Fonti e letture consigliate per approfondire:
- Apple vuole pagare 95 milioni di dollari alle persone spiate da Siri di Chiara Crescenzi su Wired Italia
- ‘Siri ascoltava le conversazioni senza permesso’: Apple sborsa 95 milioni di dollari per chiudere una causa per violazione privacy sul sito di Federprivacy
- Il caso Apple, tra tutela dell’individuo e sviluppo tecnologico su filodiritto.it
- Apple says Siri isn’t sending your conversations to advertisers su The Verge
Diritto di replica:
- Il nostro impegno di lunga data sulla privacy con Siri sul sito di Apple
Altre notizie da conoscere dal mondo degli oggetti digitali per approfondire, per tutelarsi, per chiedere che venga fatta chiarezza:
- Se il rischio comincia dal router. I router TP-Link, molto diffusi negli Stati Uniti, potrebbero rappresentare un rischio per la sicurezza nazionale: le vulnerabilità dei dispositivi del produttore cinese potrebbero essere state utilizzate per attacchi contro infrastrutture critiche del Paese, già alle prese con dilemmi esistenziali in merito al ban di TikTok. (Fonte: Punto Informatico)
- Le app di dating non sono sicure, e questa è un'ulteriore prova. Il data broker Gravy Analytics ha subito un grave furto di dati provenienti da app come Tinder, le app di tracciamento delle mestruazioni, le app utilizzate a scopo di pratica religiosa. Dati estratti, con ogni probabilità, senza che utenti e sviluppatori ne venissero a conoscenza, come spiegato in questo articolo di 404 Media.
- TikTok viola il GDPR? Intanto, scatta la denuncia. Mentre milioni di utenti europei utilizzano quotidianamente servizi come TikTok, Shein, AliExpress, questi ultimi inviano dati in Cina e si rifiutano di rispondere alle richieste di accesso ai dati stessi, obbligatorie per legge. Per questo motivo l'organizzazione noyb di Max Schrems (una figura ben nota ai lettori del mio libro) ha deciso di aprire un procedimento formale contro queste società ai sensi del GDPR (fonte: Wired).
- "Sappiamo dove si trova la tua auto". Una configurazione cloud sbagliata ha permesso al Chaos Computer Club (la principale associazione europea di hacker) di accedere ai dati di localizzazione di 800 mila vetture elettriche di Volkswagen, Audi, Skoda e Seat, con approssimazioni di dieci centimetri.
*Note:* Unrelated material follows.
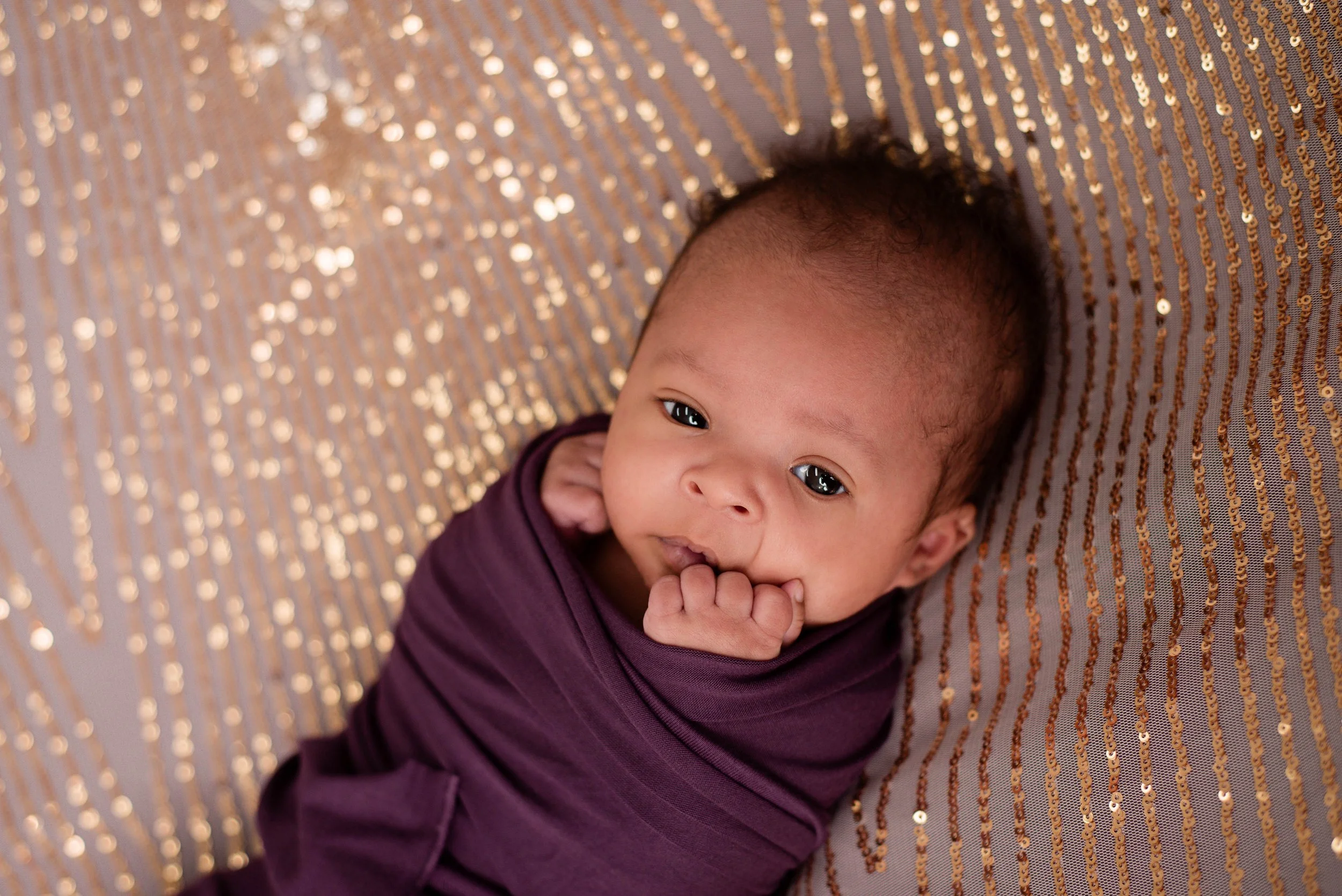 A baby lying on a gold sequined surface, wearing a dark purple outfit, looks up at the camera with fingers in mouth. Studio newborn portrait, Brownsville PA.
Con questi dati è stato possibile ricostruire gli spostamenti tanto di comuni cittadini, quanto di politici tedeschi (Fonte: CyberSecurity 360)
Per concludere, un piccolo aggiornamento sul percorso de "L'uomo senza proprietà": sono molto felice che il saggio sia stato selezionato tra i "libri consigliati" dalla trasmissione "Milleeunlibro" di Rai 1 (puntata del 23 dicembre 2024) ma sono ancora più felice che esso sia già presente in una trentina di biblioteche in tutta Italia. Spero che altre possano aggiungersi, in futuro.